*** DATA FOR ANALYSIS

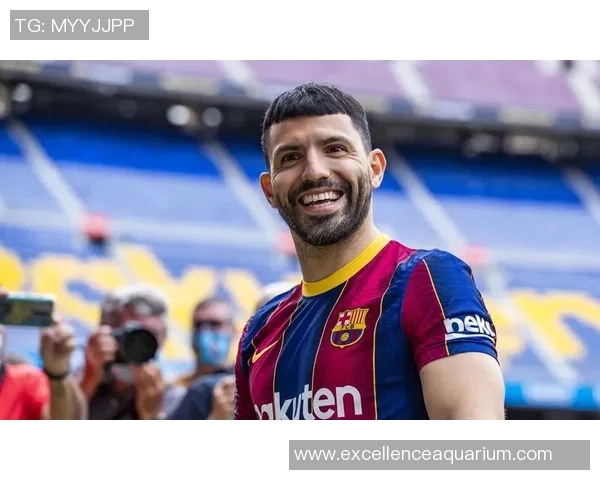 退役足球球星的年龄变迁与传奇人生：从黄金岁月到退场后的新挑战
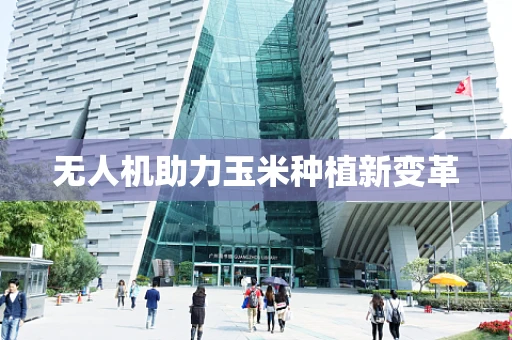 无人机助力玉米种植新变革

******
*** DATA FOR ANALYSIS

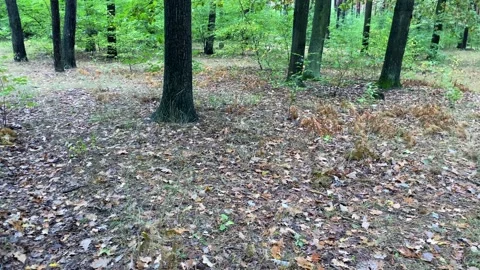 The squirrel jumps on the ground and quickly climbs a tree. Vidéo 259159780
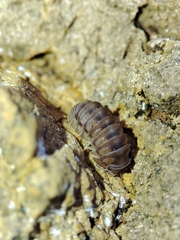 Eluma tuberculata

******
*** DATA FOR ANALYSIS

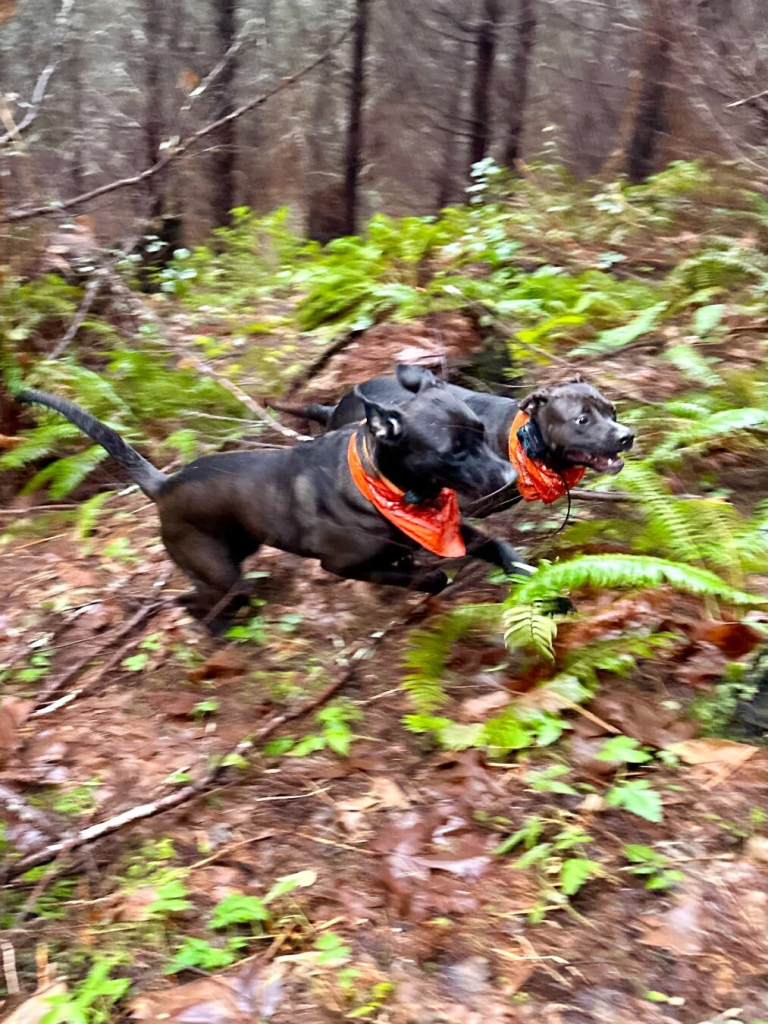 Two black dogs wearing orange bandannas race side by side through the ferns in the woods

******

- **WHAT TO DO**: What's needed is an exact copy of the lines above from the one with "退役足球球星的年龄变迁与传奇人生：从黄金岁月到退场后的新挑战" through the one with "无人机助力玉米种植新变革", both included; the pictures stay out.

- **RESPONSE TO THIS TASK**:
 退役足球球星的年龄变迁与传奇人生：从黄金岁月到退场后的新挑战
 无人机助力玉米种植新变革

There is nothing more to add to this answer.